Title: How Many are Non-Gamers?
Post by: 3rik on May 12, 2014, 07:28:17 AM
Another "non-gamer" here. I'm in two groups, one of which I'm almost always the GM for, both of which game very irregularly. I also tend to spend a lot of time in prep limbo...
Title: How Many are Non-Gamers?
Post by: Greentongue on May 12, 2014, 07:59:08 AM
Since it seems that the only game I can get people to play regularly doesn't count (Magic the Gathering EDH) and I'm letting the frustration of trying to run yet another PbP game fade a little, I'm in the "non-Gamer" camp too.
=
Title: How Many are Non-Gamers?
Post by: RandallS on May 12, 2014, 08:21:37 AM
My gaming came to a sudden halt when my mother-in-law suddenly passed away. As her house needs to be remodeled before it can be sold, we are now at her house -- 2+ hours drive from the 9 players in my game. One of the players has taken it over as temporary GM, but it will be sometime in July before I am back there for more than a few hours at a time -- and that's if my wife doesn't decide to trade houses once the remodel is done.  Either way, I doubt there will any type of actual gaming for me until August or September. :(
Title: How Many are Non-Gamers?
Post by: K Peterson on May 12, 2014, 08:21:51 AM
It is a rather weird definition of "non-gamer".

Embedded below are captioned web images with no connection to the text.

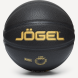 Мяч баскетбольный JOGEL Money Ball-2025 №7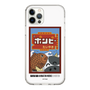 スリムプロテクションケース［ 『ダンダダン』 - ポンピ― ］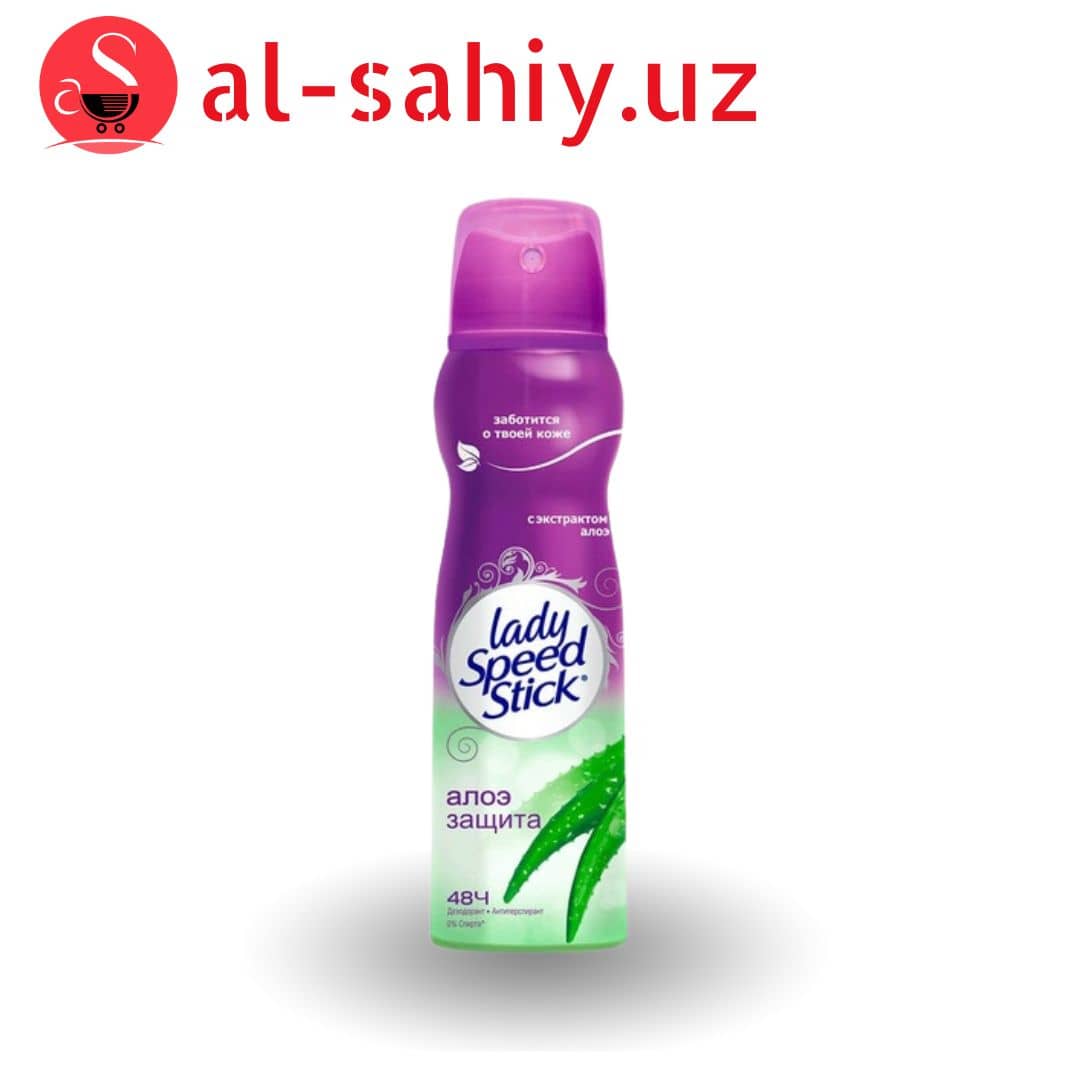 Дезодорант Спрей Lady Speed Stick  Алоэ зашита150мл 1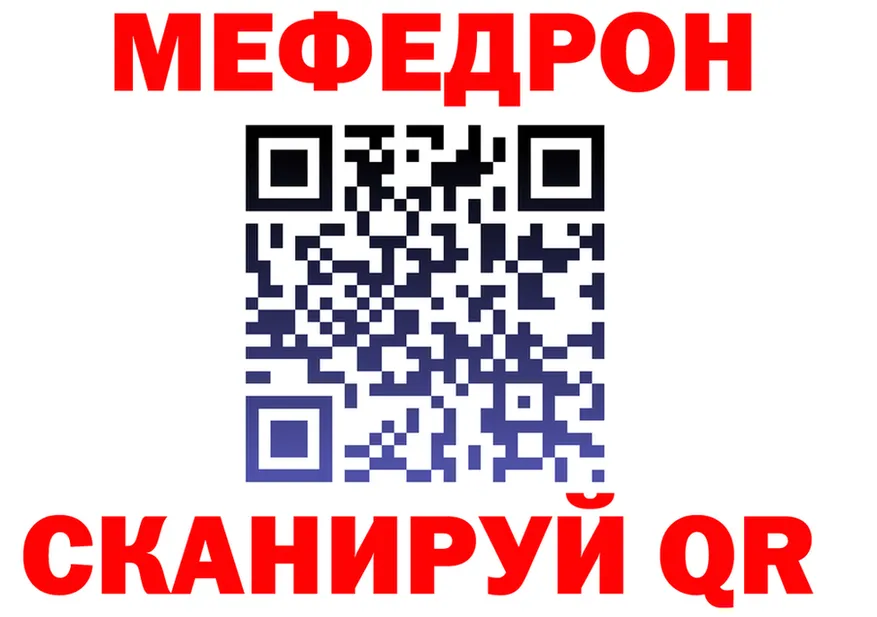 А ПВП Соль вход мориарти MEGA Лесосибирск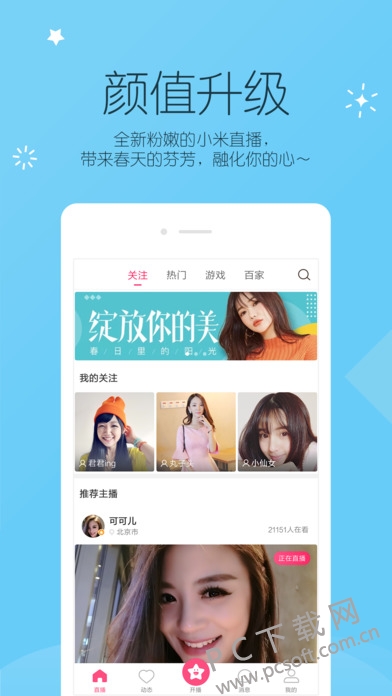 小米直播截图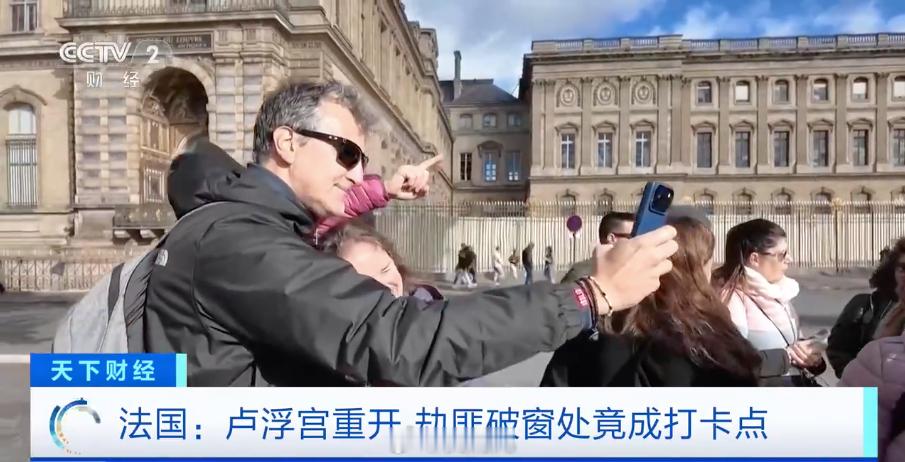 卢浮宫安保为何如蛋壳般脆弱？劫匪破窗处竟成旅游打卡点卢浮宫劫案法律律师 法国警方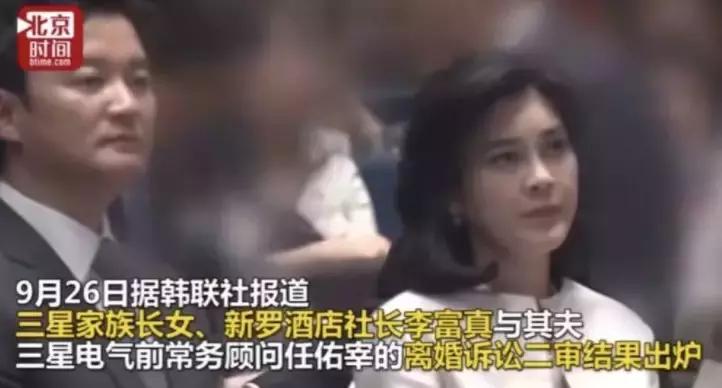 凤凰男离婚敲诈,凤凰男的婚姻结局解气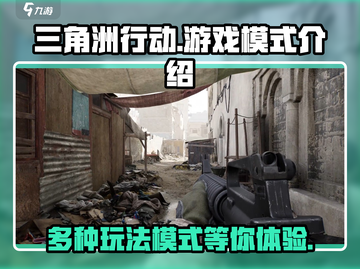 三角洲行动🔥超全游戏模式介绍来啦！🎮截图1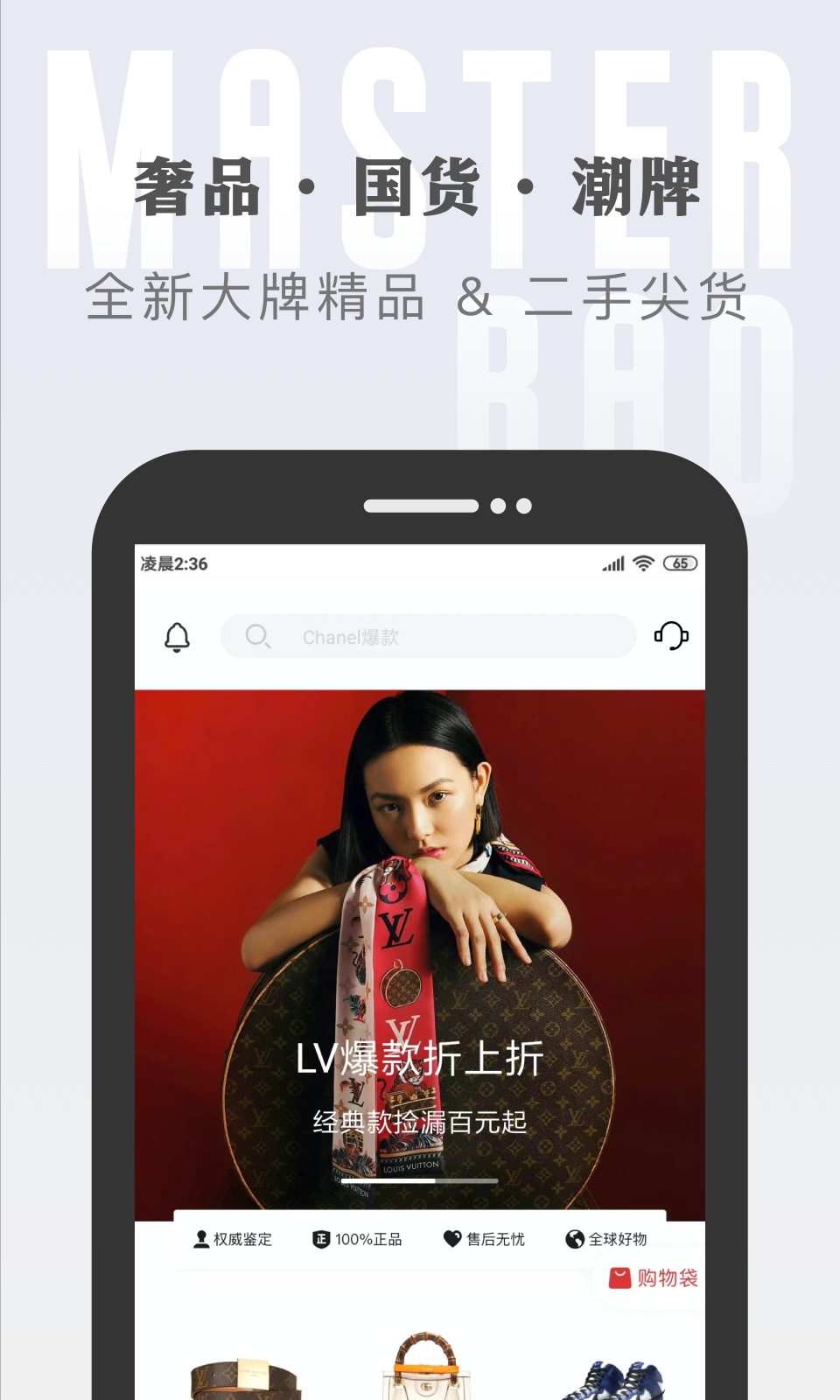 包大师v3.6.6截图2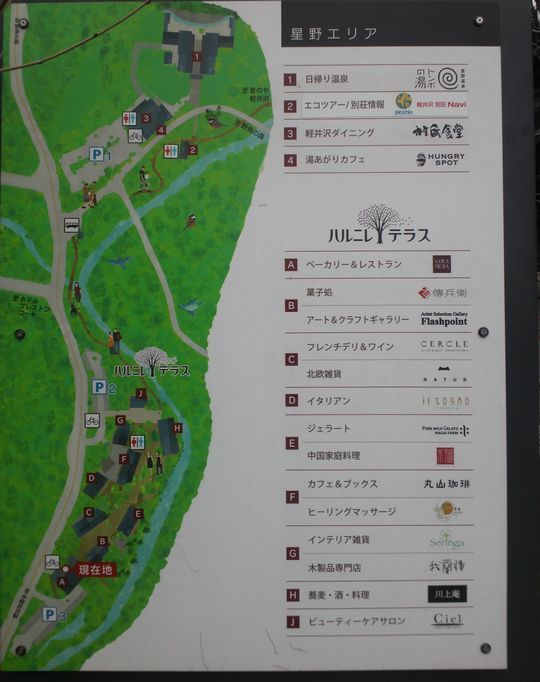 1000円グルメの旅　from 宇都宮　to 47都道府県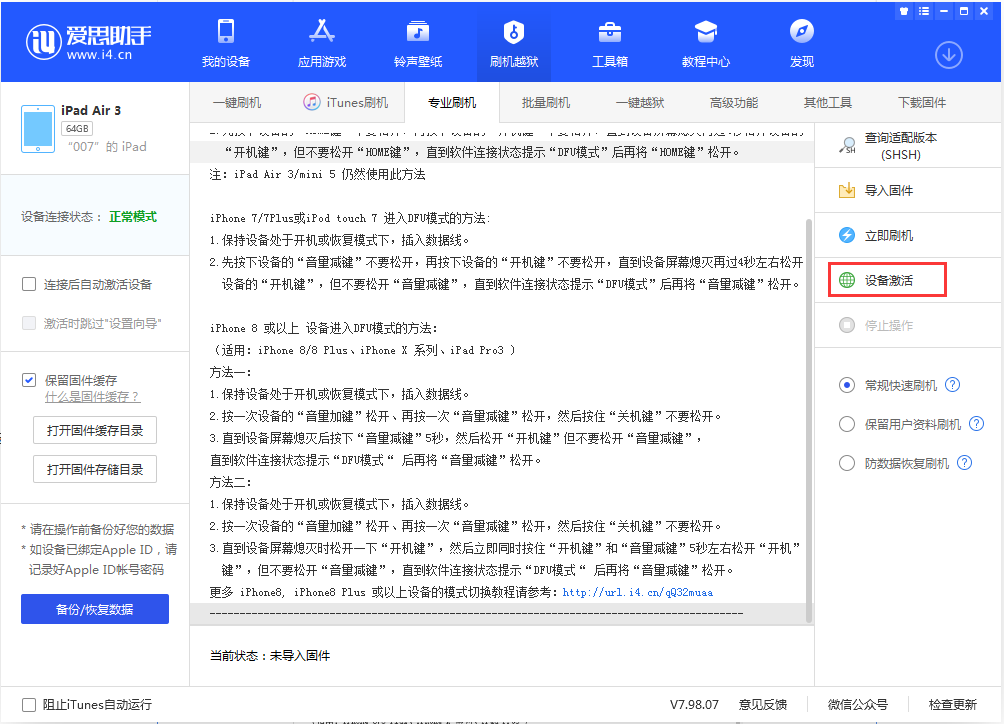 东海苹果手机维修分享iOS 13.2.3正式版_iOS 13.2.3 正式版一键刷机教程 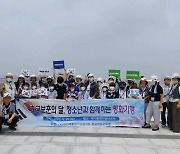 [포토]한민족통일여協, 호국보훈의달 애국시낭송회 및 평화기행 개최
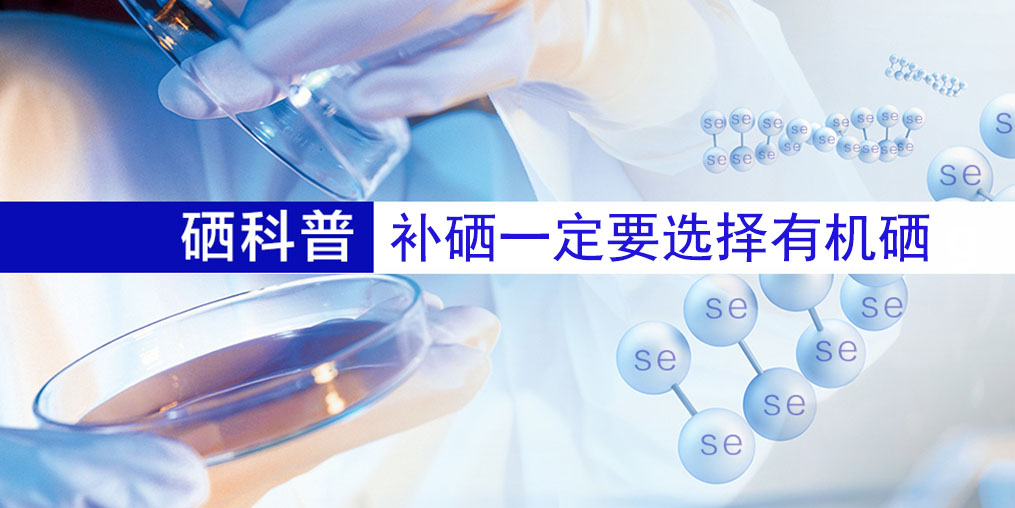 補(bǔ)什么硒好？補(bǔ)硒一定要選擇有機(jī)硒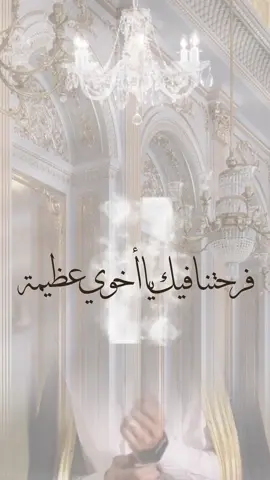 تهنئة زفاف اخوي #اخوي #زفاف #تهنئة_زواج #زواج #تهنئة #جديد #اخوي 
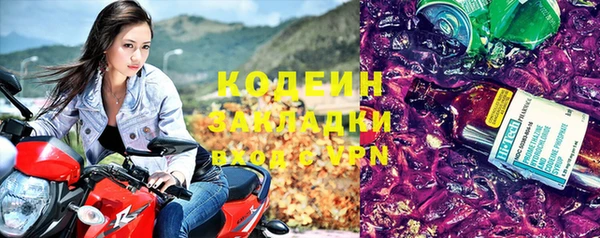 бутик Гусиноозёрск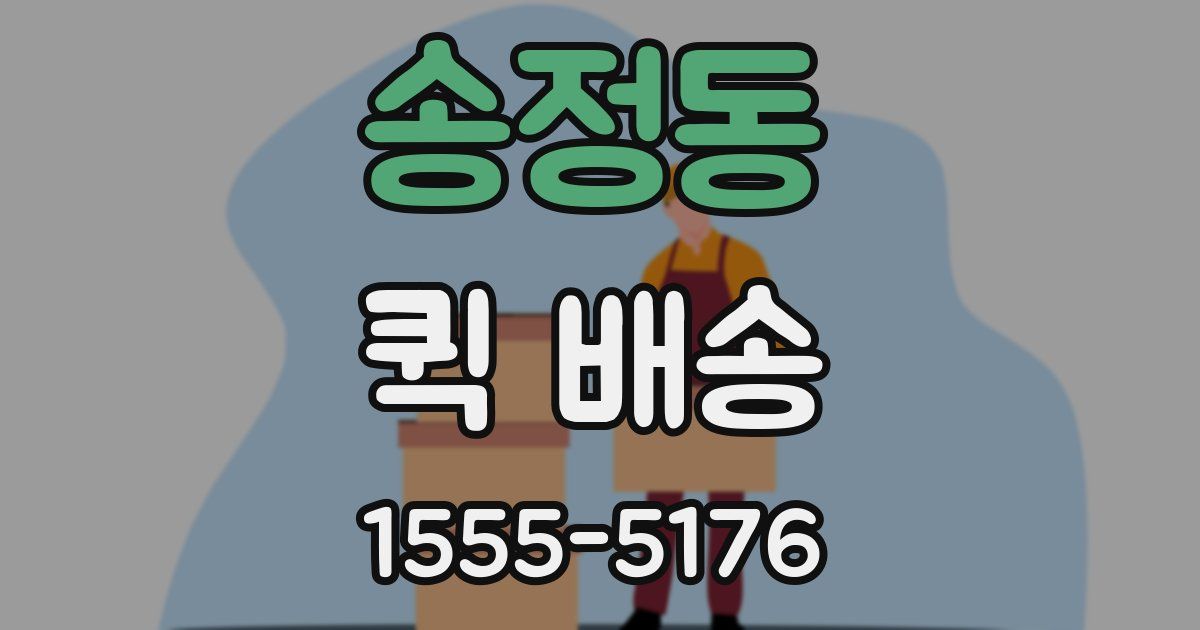 송정동 퀵 배송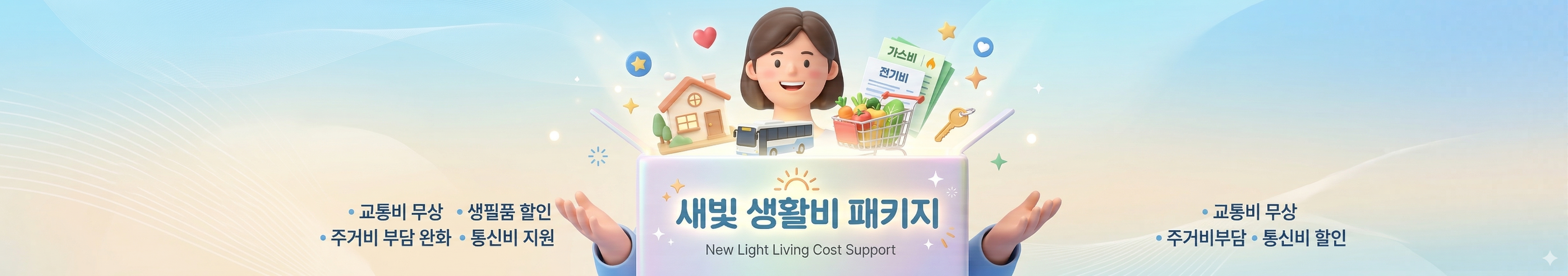 수원시 19~23세 청년 무상교통(버스비) 지원 신청 방법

I'd count as a gamer. I've been in a weekly group since 2010, and had a prior weekly group from 2007 to 2010.
Title: How Many are Non-Gamers?
Post by: Ladybird on May 12, 2014, 08:30:15 AM
One weekly game and two roughly-monthly campaigns, so... regular, like.
Title: How Many are Non-Gamers?
Post by: Necrozius on May 12, 2014, 08:33:45 AM
I'm about to start GM'ing new campaign this Friday. So freakin' excited.

However I have not played since late March because of a grotesque campaign crash and burn which basically involved me telling my regular gaming group of 10 years to fuck off and stop wasting my time. I was at fault too, but these people caused me so much stress and frustration over the years. Since I severed, I've never felt better.

My new players are awesome people who actually act like adults* (most of them have responsibilities beyond struggling to choose between which 40K army to paint first). And they're much more laid back and never use the expression "my character's INTEGRITY" or "I don't care: that's what my CHARACTER would do". :banghead:

* the irony of this statement is not lost on me: I realize that packing up my things and leaving the game table in a huff is pretty juvenile, but I feel better now so whatever
Title: How Many are Non-Gamers?
Post by: Exploderwizard on May 12, 2014, 08:58:32 AM
Gaming pretty regularly. Playing in 4E D&D campaign every other Friday, running GURPS fantasy on alternate Fridays and playing AD&D or running OD&D( we swap campaigns every few months) every Tuesday at the FLGS.
Title: How Many are Non-Gamers?
Post by: soltakss on May 12, 2014, 09:34:39 AM
I play weekly, so I count as a gamer.

I know a lot of people who play at lads weekends, or at conventions, but don;t have a regular group. They consider themselves as gamers, but only play 3 or 4 times a year.
Title: How Many are Non-Gamers?
Post by: Silverlion on May 12, 2014, 10:02:30 AM
About two months back I had a month long break due to scheduling issues, but it seems mostly sorted out for now.
Title: How Many are Non-Gamers?
Post by: ggroy on May 12, 2014, 10:29:30 AM
By pundit's definition, I would presently be a non-gamer.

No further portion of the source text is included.